| INPUT DATA |
Start of Block
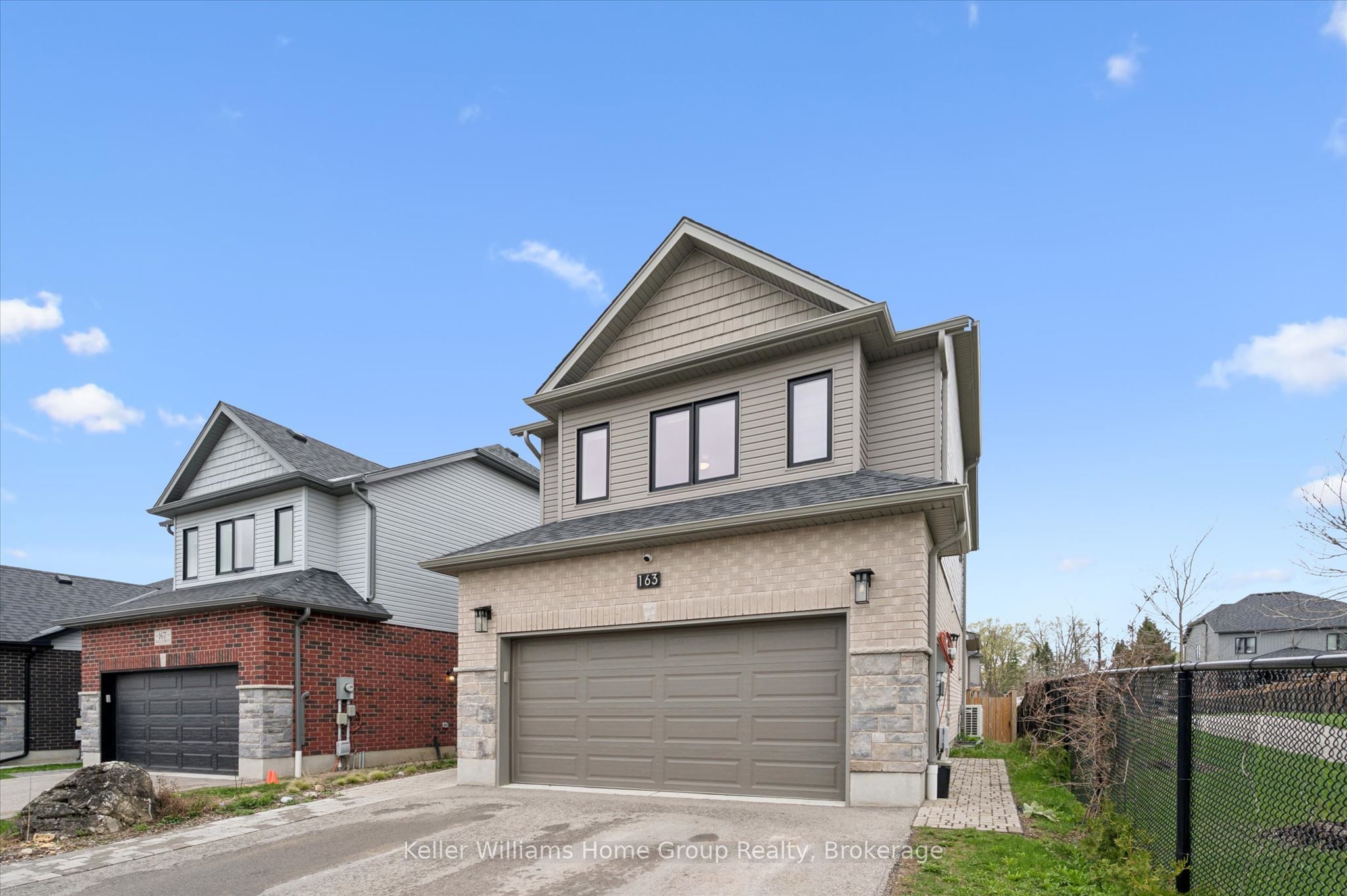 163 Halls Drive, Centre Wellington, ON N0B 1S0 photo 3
End of Block
Start of Block
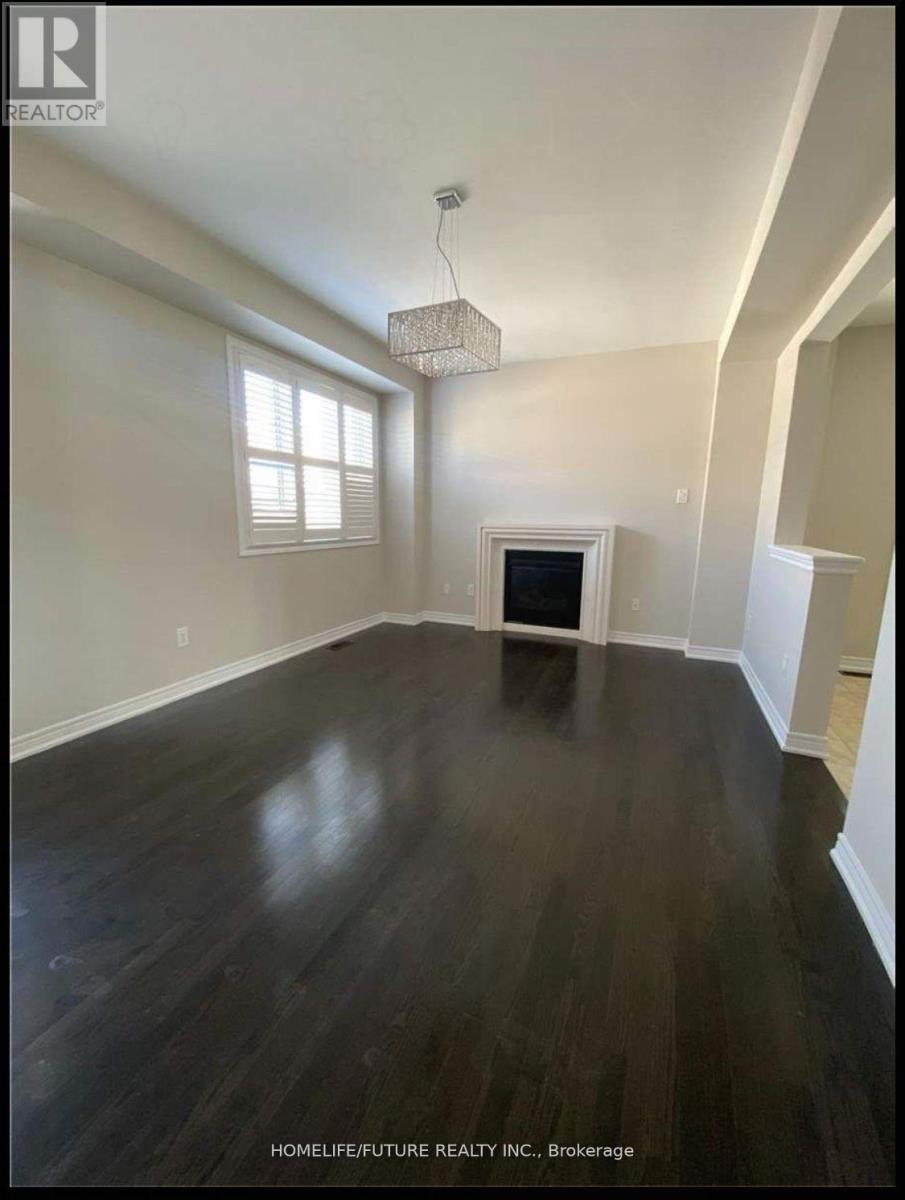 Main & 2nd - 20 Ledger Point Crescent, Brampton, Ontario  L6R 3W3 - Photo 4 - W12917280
End of Block
Start of Block
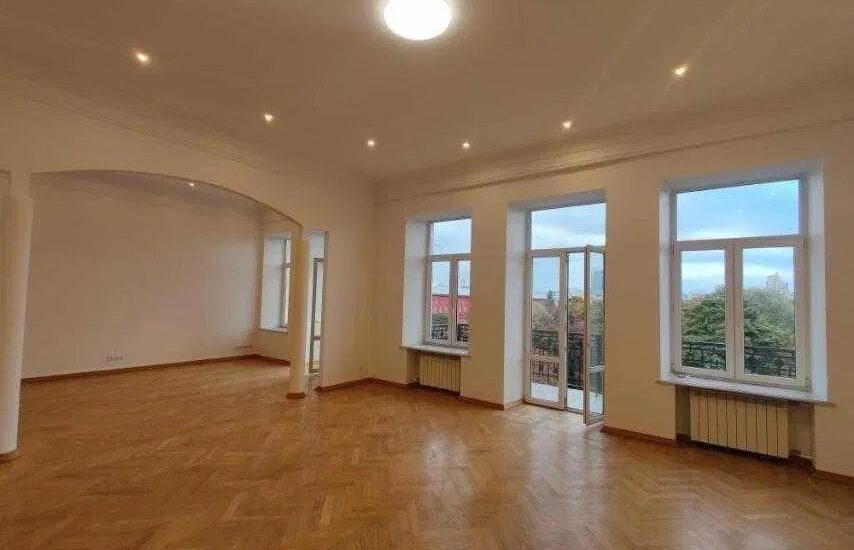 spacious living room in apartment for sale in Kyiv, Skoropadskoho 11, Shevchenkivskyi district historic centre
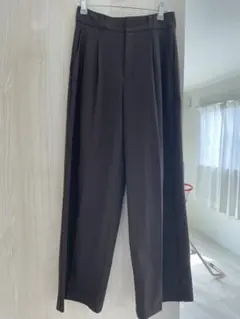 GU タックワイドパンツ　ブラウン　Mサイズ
End of Block
When you reach the line holding "spacious living room" in the listing above, begin retyping exactly, and stop once the line holding "GU タックワイドパンツ　ブラウン　Mサイズ" is done; pictures stay out.

| TASK SOLUTION |
 spacious living room in apartment for sale in Kyiv, Skoropadskoho 11, Shevchenkivskyi district historic centre
 GU タックワイドパンツ　ブラウン　Mサイズ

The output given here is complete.